Впрочем, опыт чужих жизней говорил: что тебе ни напишут в психушке — все лучше, чем пустота. Сотню раз по жизни я это слышал. Тому или другому, людям здорово повезло из-за нескольких плохо разборчивых латинских слов. Написанные (на чистом и белом), эти каракули-слова вдруг помогали. Учили услышать людишкино горе. Получить пенсию побольше. Не дать с ходу гнать или преследовать. И всякую иную, пусть малую или даже нищенскую, но льготу... Человека вдруг по-человечески освобождали. Так я себя уговаривал. Но по сердцу скребло.
Тут мой взгляд упал на соседа.
Шиз сидел на своей кровати, у противоположной стены, и взволнованно (почему-то) смотрел вверх. А я не понимал. Да и как понять? Он подпер голову рукой и неотрывно смотрел — пялился в самый угол нашего общего с ним потолка. Но там не было ни паучка. Ни даже чуть дышащей паутинки. Ни хера. Белый и пустой... На этом белом и пустом ничего не было написано! Зато о нем самом (о моем соседе), наверное, страниц понаписали! — подумал я. А прочесть-то не дали!
Это успокоило. Есть и похуже меня — и попечальнее. Он и знать не знает, как хитро (и подчас коварно) та латинская писанина соотносится с ним и с его земной долей. С его пугливой душой... Бедный!
Свое прочесть я мог попытаться еще раз. (Через Раечку.)
Хорошо, что она теперь не в смену с этим жгучим Жгутовым. Конечно, врач обязательно трахает медсестру, если она не замужем. Это я знал. Это получается само собой. Ничего хитрого. Но если их разлучили на дежурствах — их разлучило Время, а значит, у меня стойкий шанс.
Нас с ней грубо спугнули, это же факт! Наше с ней нечаянное и стремительное начало в душевой, в полной тьме, на их сухоньком (кожзаменитель), потрескивающем от трения телами топчанчике, не могло быть забыто. (Топчанчик, мне казалось, искрил.) Меня и Раю, такова жизнь, обязывало к продолжению, вот только где?
А шиз смотрел себе вверх!..
— Есть одно дело, — сказал я ему. Ему бы сейчас из палаты уйти. Уйти — и ни в коем случае скоро не возвращаться (а там я быстро кликну Раю).
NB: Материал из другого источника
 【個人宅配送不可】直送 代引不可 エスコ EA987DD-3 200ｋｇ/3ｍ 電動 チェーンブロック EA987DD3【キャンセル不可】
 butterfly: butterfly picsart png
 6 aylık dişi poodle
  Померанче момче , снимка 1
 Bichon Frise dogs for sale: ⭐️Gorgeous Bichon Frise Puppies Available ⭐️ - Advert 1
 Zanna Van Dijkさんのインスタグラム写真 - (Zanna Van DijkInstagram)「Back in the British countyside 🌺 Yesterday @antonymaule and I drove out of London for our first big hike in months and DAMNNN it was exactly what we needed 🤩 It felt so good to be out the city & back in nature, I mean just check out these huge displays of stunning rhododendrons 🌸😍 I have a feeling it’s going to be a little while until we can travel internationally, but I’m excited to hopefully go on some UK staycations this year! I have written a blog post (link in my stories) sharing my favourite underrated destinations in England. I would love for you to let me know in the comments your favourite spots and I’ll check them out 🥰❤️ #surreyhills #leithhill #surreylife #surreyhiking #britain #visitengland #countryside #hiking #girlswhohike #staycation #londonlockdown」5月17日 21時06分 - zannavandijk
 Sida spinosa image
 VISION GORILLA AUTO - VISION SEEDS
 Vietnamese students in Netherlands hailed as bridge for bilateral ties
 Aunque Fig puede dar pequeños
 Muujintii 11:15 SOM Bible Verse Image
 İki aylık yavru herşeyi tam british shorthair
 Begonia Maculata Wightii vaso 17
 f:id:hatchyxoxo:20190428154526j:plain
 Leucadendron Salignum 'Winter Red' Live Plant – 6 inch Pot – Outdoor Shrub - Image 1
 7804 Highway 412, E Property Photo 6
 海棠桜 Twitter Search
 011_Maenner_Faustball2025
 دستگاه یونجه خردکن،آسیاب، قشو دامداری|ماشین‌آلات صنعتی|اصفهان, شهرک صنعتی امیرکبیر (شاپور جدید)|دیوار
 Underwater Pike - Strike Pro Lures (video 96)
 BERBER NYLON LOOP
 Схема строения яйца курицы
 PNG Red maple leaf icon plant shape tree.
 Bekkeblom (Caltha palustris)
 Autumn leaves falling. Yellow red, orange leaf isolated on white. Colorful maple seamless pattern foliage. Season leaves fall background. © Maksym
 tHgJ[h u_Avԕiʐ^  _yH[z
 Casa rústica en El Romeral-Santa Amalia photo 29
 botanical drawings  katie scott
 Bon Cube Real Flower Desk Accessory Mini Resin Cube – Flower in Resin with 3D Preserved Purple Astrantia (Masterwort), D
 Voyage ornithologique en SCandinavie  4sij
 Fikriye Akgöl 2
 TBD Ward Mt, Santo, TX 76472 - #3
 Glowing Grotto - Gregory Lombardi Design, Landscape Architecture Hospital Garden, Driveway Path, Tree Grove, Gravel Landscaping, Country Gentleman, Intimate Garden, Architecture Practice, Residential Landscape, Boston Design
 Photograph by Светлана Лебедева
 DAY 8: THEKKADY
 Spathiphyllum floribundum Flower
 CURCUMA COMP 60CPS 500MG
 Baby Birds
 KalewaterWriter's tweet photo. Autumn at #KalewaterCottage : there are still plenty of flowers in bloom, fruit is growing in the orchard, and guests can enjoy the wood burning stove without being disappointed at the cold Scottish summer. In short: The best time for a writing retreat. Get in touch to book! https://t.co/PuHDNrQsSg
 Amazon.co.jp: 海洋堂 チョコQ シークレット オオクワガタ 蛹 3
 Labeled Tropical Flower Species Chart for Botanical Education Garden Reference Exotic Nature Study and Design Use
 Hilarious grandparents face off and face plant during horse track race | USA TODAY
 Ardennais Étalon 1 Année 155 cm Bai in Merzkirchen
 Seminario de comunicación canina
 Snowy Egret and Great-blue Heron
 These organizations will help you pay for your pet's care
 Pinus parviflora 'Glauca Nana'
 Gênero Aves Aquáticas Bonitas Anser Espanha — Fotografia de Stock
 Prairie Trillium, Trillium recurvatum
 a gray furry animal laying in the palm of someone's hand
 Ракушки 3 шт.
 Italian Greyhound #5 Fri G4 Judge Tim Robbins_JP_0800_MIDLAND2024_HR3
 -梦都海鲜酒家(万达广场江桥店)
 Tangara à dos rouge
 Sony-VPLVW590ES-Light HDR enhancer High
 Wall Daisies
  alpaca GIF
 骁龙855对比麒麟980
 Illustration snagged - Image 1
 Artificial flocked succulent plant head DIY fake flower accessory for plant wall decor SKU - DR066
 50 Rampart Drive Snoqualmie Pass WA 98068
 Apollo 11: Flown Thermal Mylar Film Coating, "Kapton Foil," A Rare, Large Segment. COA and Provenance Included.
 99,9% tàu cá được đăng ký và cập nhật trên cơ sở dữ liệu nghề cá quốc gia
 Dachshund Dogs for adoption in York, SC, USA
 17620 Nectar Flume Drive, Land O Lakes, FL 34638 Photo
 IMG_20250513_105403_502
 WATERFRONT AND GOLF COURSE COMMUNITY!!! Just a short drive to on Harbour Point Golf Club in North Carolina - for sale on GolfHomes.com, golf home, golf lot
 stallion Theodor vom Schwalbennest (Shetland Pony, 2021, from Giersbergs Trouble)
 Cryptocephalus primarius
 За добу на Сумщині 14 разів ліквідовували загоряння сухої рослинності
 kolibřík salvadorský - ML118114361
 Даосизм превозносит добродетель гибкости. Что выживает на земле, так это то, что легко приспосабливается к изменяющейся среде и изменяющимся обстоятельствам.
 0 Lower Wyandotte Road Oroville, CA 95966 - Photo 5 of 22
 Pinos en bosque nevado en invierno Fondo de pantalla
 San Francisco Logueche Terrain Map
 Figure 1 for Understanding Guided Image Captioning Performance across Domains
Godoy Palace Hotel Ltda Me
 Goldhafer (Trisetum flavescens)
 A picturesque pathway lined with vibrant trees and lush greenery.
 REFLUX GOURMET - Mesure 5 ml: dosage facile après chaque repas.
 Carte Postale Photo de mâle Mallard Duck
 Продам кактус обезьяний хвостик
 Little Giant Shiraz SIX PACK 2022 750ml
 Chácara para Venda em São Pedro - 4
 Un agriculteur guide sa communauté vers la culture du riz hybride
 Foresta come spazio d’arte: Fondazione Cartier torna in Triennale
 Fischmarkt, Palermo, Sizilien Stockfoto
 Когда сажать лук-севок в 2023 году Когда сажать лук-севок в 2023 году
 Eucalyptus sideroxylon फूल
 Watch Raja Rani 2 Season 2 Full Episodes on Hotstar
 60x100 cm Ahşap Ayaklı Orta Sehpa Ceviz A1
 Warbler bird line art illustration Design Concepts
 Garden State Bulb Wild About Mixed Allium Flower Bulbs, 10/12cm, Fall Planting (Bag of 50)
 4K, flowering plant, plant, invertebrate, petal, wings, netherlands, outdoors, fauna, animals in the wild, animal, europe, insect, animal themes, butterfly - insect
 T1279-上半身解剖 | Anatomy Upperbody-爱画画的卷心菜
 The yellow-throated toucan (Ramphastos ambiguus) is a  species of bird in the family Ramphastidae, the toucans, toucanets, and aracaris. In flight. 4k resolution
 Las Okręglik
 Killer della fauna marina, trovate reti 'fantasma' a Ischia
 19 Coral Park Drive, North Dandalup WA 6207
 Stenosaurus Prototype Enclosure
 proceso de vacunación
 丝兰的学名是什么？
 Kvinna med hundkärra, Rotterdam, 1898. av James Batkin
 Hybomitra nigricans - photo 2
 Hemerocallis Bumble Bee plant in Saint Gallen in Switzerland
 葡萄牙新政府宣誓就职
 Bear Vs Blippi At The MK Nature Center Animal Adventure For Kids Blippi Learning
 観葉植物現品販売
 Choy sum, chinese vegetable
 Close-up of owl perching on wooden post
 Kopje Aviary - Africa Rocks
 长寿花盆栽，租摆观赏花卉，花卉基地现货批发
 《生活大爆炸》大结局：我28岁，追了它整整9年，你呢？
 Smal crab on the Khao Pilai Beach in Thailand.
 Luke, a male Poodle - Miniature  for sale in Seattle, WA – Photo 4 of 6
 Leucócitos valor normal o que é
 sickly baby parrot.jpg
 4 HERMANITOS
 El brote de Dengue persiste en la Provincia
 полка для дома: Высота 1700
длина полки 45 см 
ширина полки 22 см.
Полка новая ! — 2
«Скоро» — это не передать. Но еще сложнее передать «нескоро». Слова оказались для моего соседа непосильными (и не имели жеста). Часов же ни у него, ни у меня не было. Счастливые часов не носят!
Шиз только невнятно улыбался. Не понимал — и украдкой посматривал в белый потолок. Боялся потерять там своего невидимого паучка. Боялся уйти из палаты.
Я за руку его отвел, ласково оттащил от магического угла и объяснил снова... Нет, он не выписывается сегодня из больницы. Нет, он не возвращается домой. Нет, нет, его никто сегодня дома не ждет. (Кому мы нужны!) Он — остается здесь... Эта кровать, эта палата и этот нравящийся ему угол потолка — остаются ему навсегда. Его собственность, его радость! Его, в конце концов, личный трофей за долгие горькие годы.